I used to think being under a LOI was 75% of the way to a closing, but I am not sure any longer. It is perhaps only 50% depending on how much the terms of the LOI were negotiated and agreed to prior to signing. The balance of this column will assume for the moment that you and the buyer had successful negotiations and got most of the salient points of the transaction committed to writing (ie: the LOI).  

You have now entered the phase of the transaction called Due Diligence (DD). According to Merriam-Webster (an actual dictionary for those under 50), due diligence is: “The care that a prudent person would exercise in the examination and consideration of facts and circumstances to avoid harm.” 

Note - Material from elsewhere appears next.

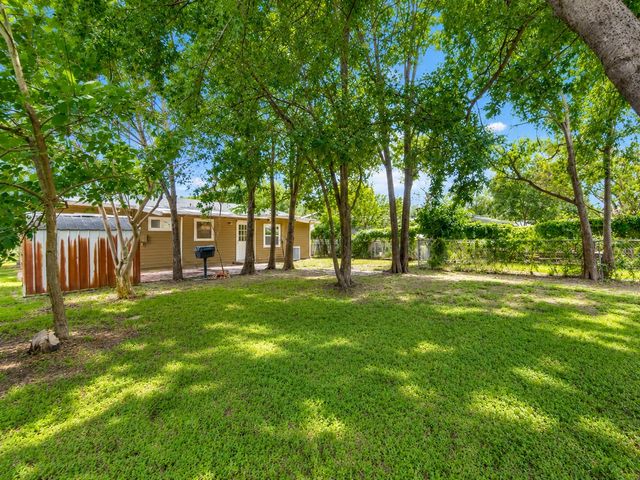 11817 Fernald Avenue, Dallas, TX 75218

In a business context, DD specifically refers to the “research and analysis of a company or organization done in preparation for a business transaction,” like a merger or acquisition. The process involves investigating a company’s finances, operations, and legal standing to ensure it is as represented before sealing a deal. 

WARNING: The DD phase of the sales process will be very painful to Type-A entrepreneurs, which includes the vast majority of owners in the Wonderful World of Print. 

Up to this point (pre-LOI stage) you most likely produced fairly high-level information to (hopefully) several prospective buyers in an effort to entice at least one of them to make an offer leading to the LOI. It is now time for the buyer with whom you signed the LOI to look-under-the-hood, so to speak, and ask a great number of additional questions.

Prior to signing the LOI, you and the buyer were just dating. The LOI is equivalent to being engaged. You are now getting to know one another much better, and it will hopefully lead to the buyer’s attorney producing an Asset/Stock Purchase Agreement (or marriage). 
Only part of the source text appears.